ADR Home = /u01/app/oracle/diag/rdbms/mmidb/MMIDB:
*************************************************************************
SIZEP_POLICY
--------------------
18446744073709551615
1 row fetched

This number represents the maximum size of the specific ADR home in bytes. To get an idea, how much space is required to keep files for a given amount of time or vice versa, we can use the “estimate” command.

adrci> estimate (LONGP_POLICY = 72)
Estimate
Short Policy Hours: 72
Long Policy Hours: 72
Size Policy Bytes: 2459925363

adrci> estimate (SIZEP_POLICY = 1000000000)
Estimate
Short Policy Hours: 26
Long Policy Hours: 26
Size Policy Bytes: 1000000000

So if we want to limit the size to 1GB, we can set the SIZEP_POLICY accordingly.

adrci> set control (SIZEP_POLICY = 1000000000)
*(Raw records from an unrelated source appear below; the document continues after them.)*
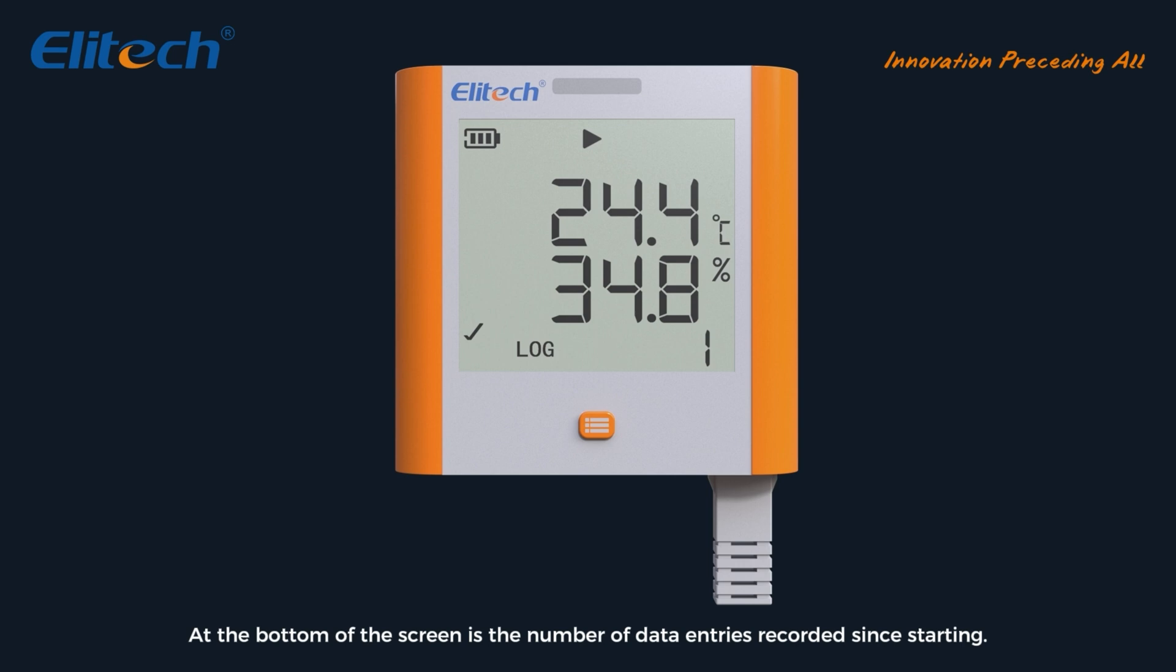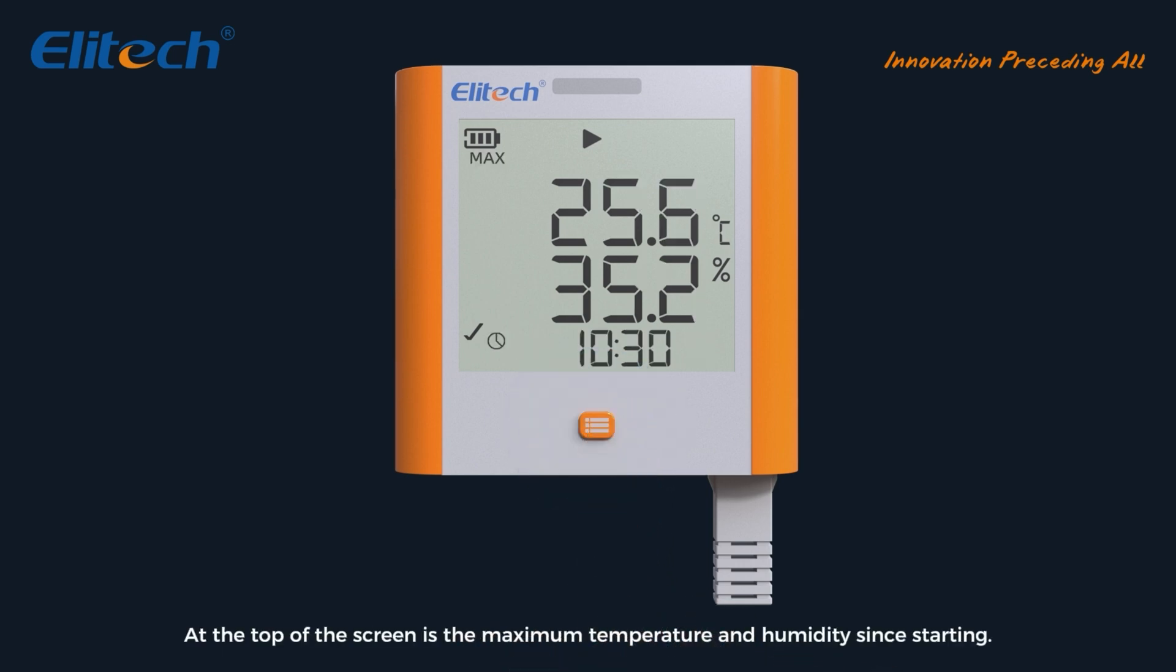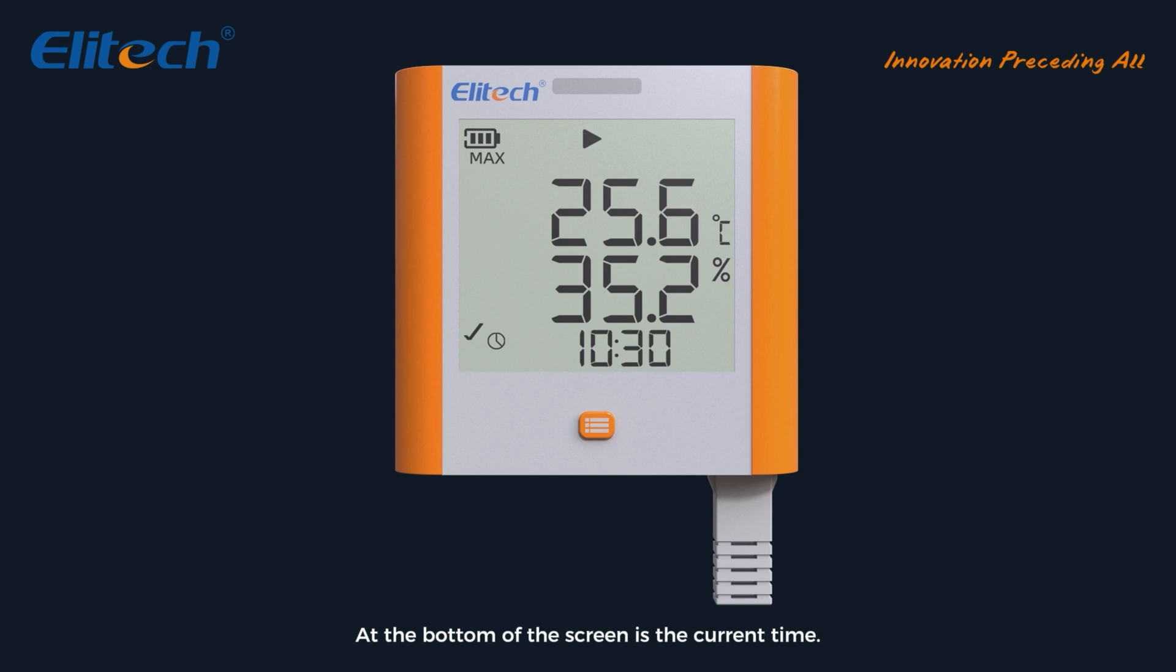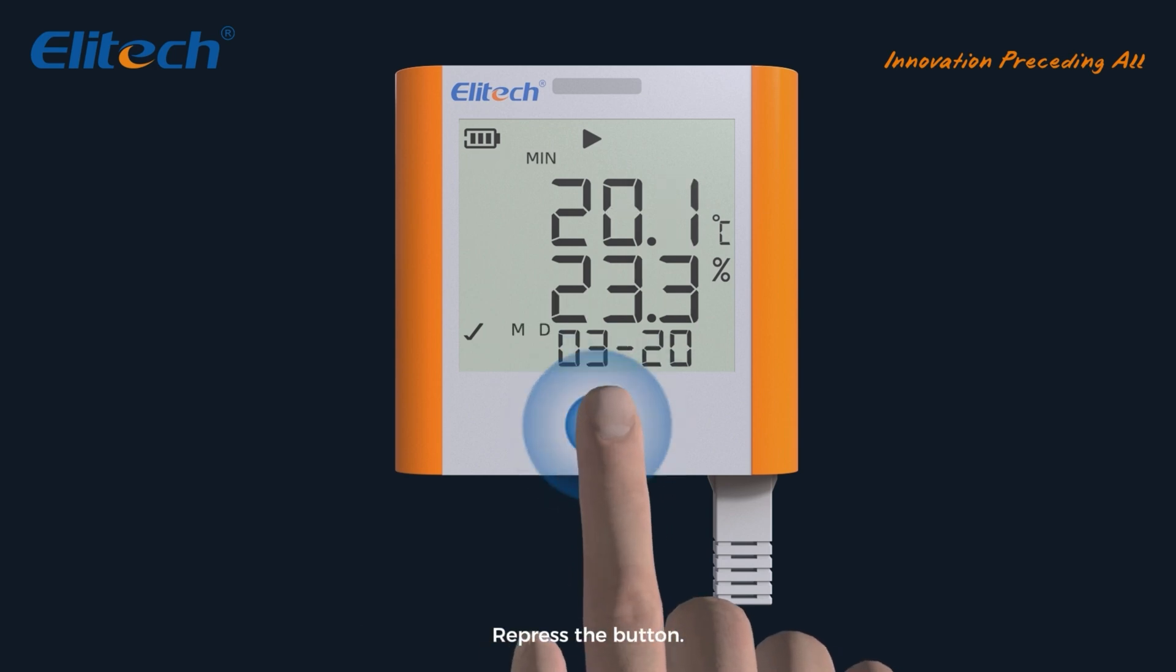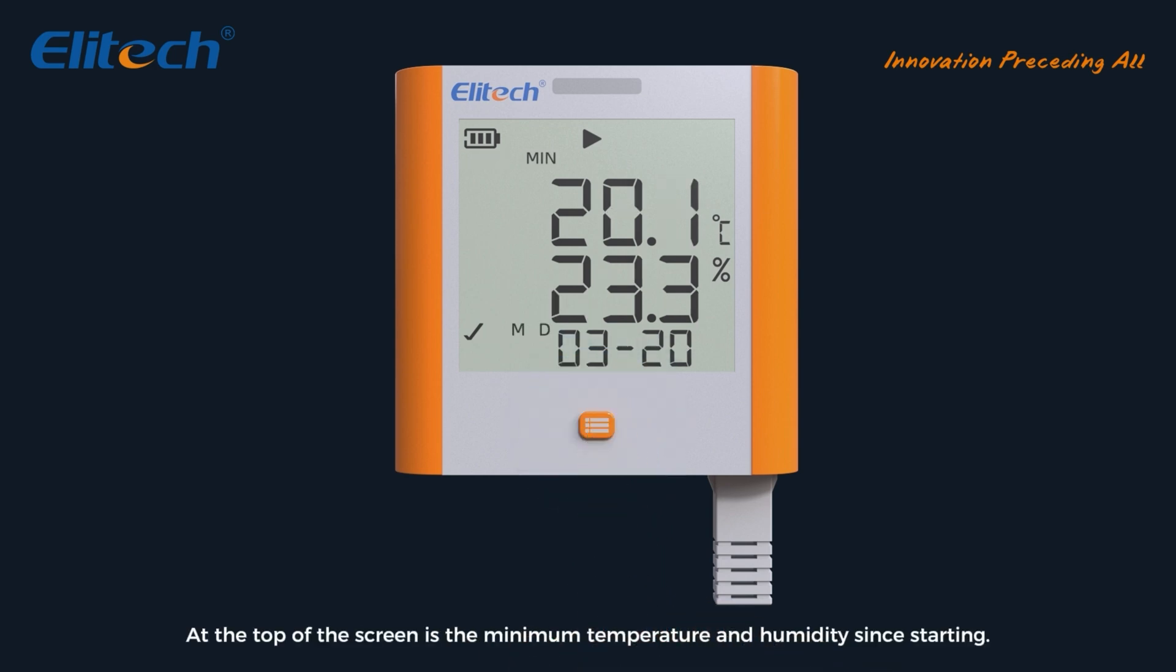Short press of button: at the top of the screen is the maximum temperature and humidity since starting. At the bottom of the screen is the current time.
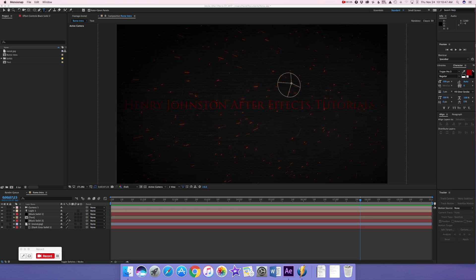Hi guys, my name is Henry Johnston and today I'm going to teach you how to do a cinematic title with embers in the background, all in After Effects, except for the metal texture that you need to get from Google Images.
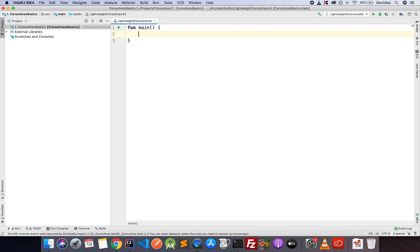All right, so what I would like to do in this video is show you how lightweight coroutines are, and we're going to do that by starting up a large number of coroutines and having them print out a simple message to the console.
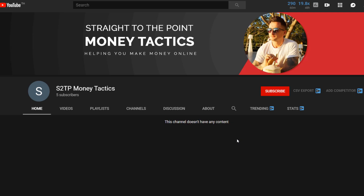Before we jump into this video, I've got a quick announcement. I'm making a completely new channel — don't worry, I'm still going to be posting on Digital Millionaire — but I am making a new one called S2TP Money Tactics, which stands for Straight to the Point Money Tactics. This channel is going to be focused on fast-paced videos teaching you the best ways to make money online, no fluff whatsoever.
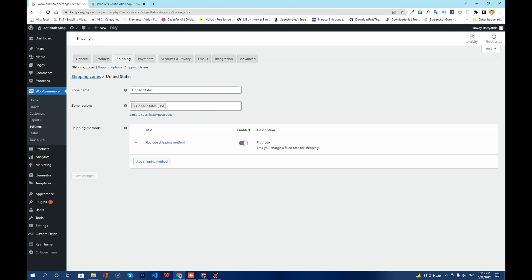In this video I'm going to show you how you can set up your shipping so that for some products you have free shipping and for the remaining products you charge a flat fee. If you want to learn how to set up shipping this way, let's get started.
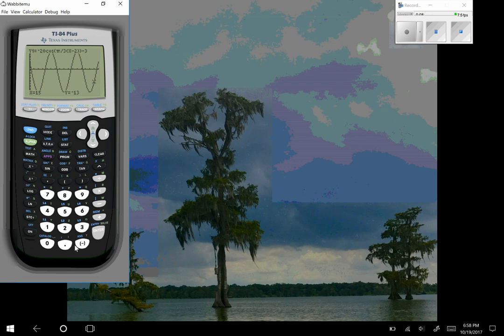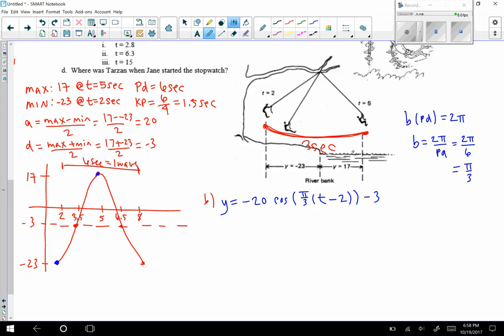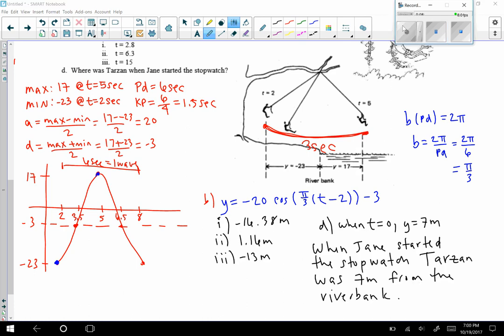The last question asks where Tarzan was when Jane started the stopwatch, meaning at t equals 0. Using second trace value at x equals 0, we get 7 meters. Since positive values mean over the water, Tarzan was 7 meters from the riverbank over the water at t equals 0. To summarize: at t equals 2.8, Tarzan is at negative 16.38 meters; at t equals 6.3, he's at 1.16 meters; at t equals 15, he's at negative 13 meters; and at t equals 0, he was 7 meters from the riverbank.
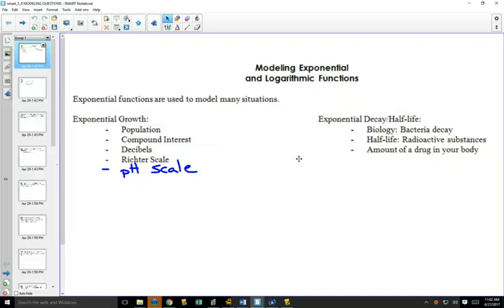Let's look at different kinds of questions that come up in real life — where do exponential equations and logarithmic equations come from? There are two different areas: exponential growth or exponential decay or half-life. These are places where we use exponents and logarithms in our equations.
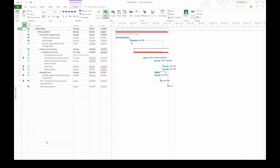Now one way to do that is to head down to the status bar. Here it says new tasks are manually scheduled. Let's say I want it to be auto scheduled. So I'm going to click and then choose auto scheduled. Now new tasks will be created as auto scheduled.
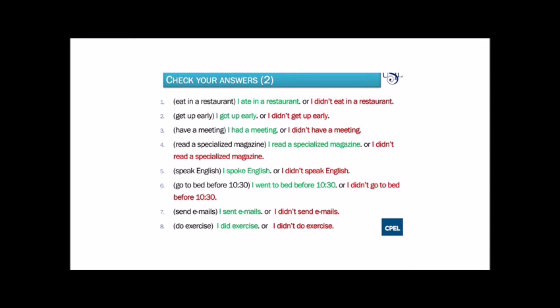Number four: read a specialized magazine. The positive sentence is: I read a specialized magazine. The negative sentence is: I didn't read a specialized magazine. Number five: speak English. The positive sentence is: I spoke English. The negative sentence is: I didn't speak English.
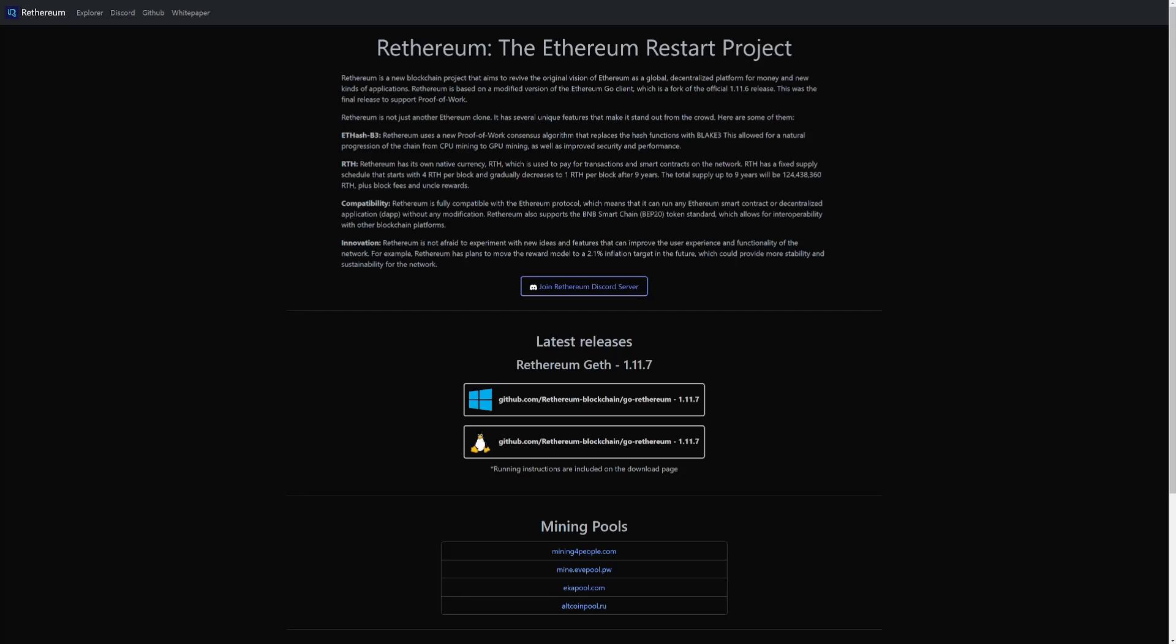In today's video I'll be showing you guys how to mine Ethereum on HiveOS and Windows, and also how to set up your wallet on MetaMask.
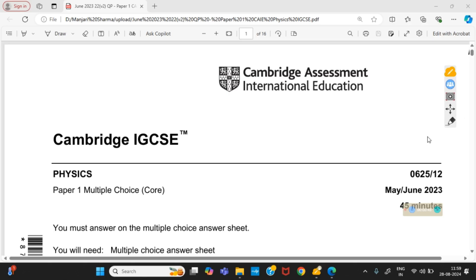Hello students. In this paper we will solve Cambridge IGCSE paper code 0625, variant 1.2. It is May/June 2023 paper.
adrci> select sizep_policy from adr_control_aux;

ADR Home = /u01/app/oracle/diag/rdbms/mmidb/MMIDB:
*************************************************************************
SIZEP_POLICY
--------------------
1000000000
1 row fetched

But remember, this does not take immediate effect. The database is the only facility, that does automatic purging. All other ADR homes from other facilities need explicit purging via the “purge” command. And also the database does the purging only once a week and there is no way to change that, see MOS Note “Is there a way to control Auto_Purge Frequency done by the MMON ? (Doc ID 1446242.1)” for details. So you should consider using a separate purge job for that. The “purgeLogs” script (MOS Note “purgeLogs: Cleanup traces, logs in one command (Doc ID 2081655.1)“) might be a good starting point for that, even though it was designed to be used on ExaData, Database Appliance etc., it should also do it’s job on standard installations.